Rep. Maloy: Okay, so I've been in a lot of hearings. I've been doing policy for a long time, and I always hear from agencies, ‘We're expected to do more with less. They want us to do more with less. We can't fill our positions. We don't have enough people.’ I'd like to see agencies do less with less. And thank you, Mr. Neiman, for reminding us that the Forest Service has a mission, and it's a very targeted mission. But what I see is them doing a lot of things that are not that mission, but they can't fill the positions that are focused on watersheds and production. And so, Eric, would you unpack for us a little bit, either with the Northern Corridor or with the habitat conservation plan, how many people at those agencies you have to work with to do something that everyone agrees is a good idea and is eventually going to happen?
Eric Clarke: Yeah. Thank you for that question. So those of us that are boots on the ground in these situations, we work every day with our federal partners. And they want to be our federal partners, right? These are people that are living in our communities, that are doing work that they love, that are trying to help stuff get better. And so, when we put together a land use application, we go into them and we say, hey, we need a new road. How are we going to make this a win-win, or we need a new water project, how do we do that? We're interacting with the whole team and we're doing it regularly, consistently. And we're having some back and forth and working through our disagreements and that could be a great process. It should be a great process. That's how land management should be, where the local people are coming in and talking to the federal people, and we're working through those. But then what happens is we'll get a local person to write something up on their desk, and then it goes to a desk in Salt Lake, and then it goes to a desk in Denver, and then it goes to a desk in Washington, D.C., and before it trickles back to Denver, to Salt Lake, to our desk, we've lost a year and a half and it all changes in that time. And so then the boots on the ground, great federal employees that are just wanting to get stuff done, are pulling their hair out because they're tired of us calling them and saying, why isn’t anything happening? And then it gets back to them. And it's different than the good thing that they put together and proposed to be done.

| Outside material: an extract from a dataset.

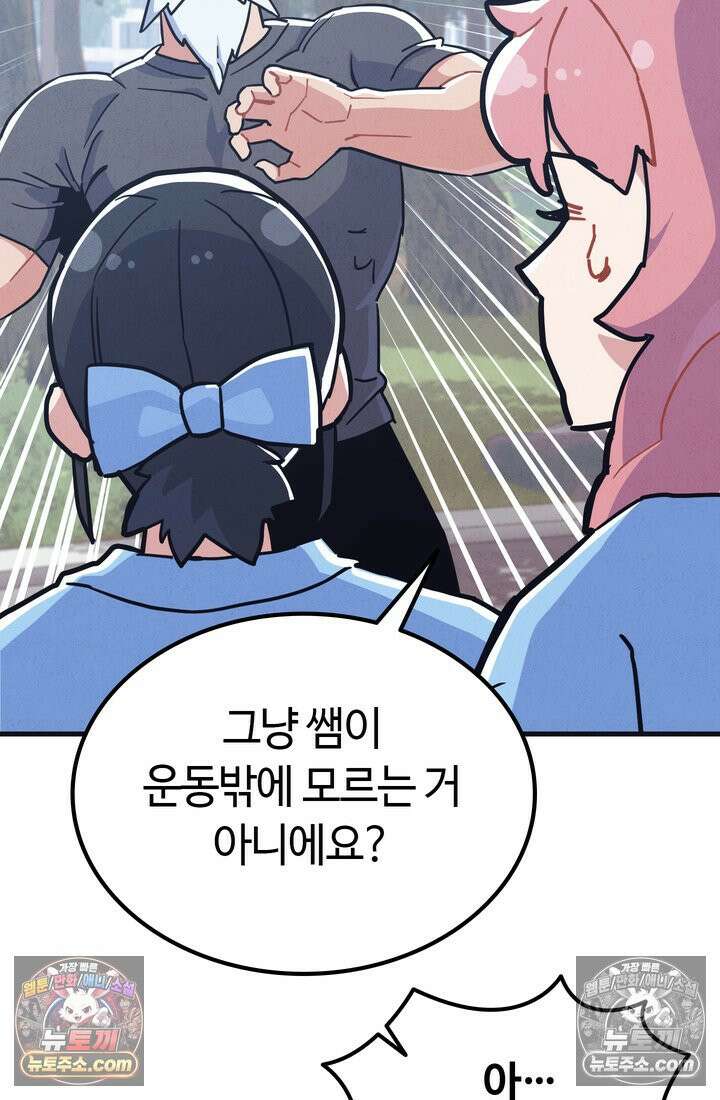 체육교사 김계란 13화． 재능과 방향성 83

Rep. Maloy: Thank you. That's the important thing I wanted to get out of this hearing, and I'm almost out of time, so I just want to put a fine point on this, because we've had a lot of talk on both sides about federal funding. And do we need more? Do we need less? And I agree with our friend next to you that it needs to be targeted. It needs to be focused on the agency's mission. And we’re Congress, we control the purse strings. So right now, we've got an administration that's trying to show where money is being spent well, where it's not being spent well, and just remind everyone to ignore the hysteria and focus on the balance of power. We have an oversight obligation and we're doing it here. Thank you all for being part of it. And with that, I am out of time. I yield back.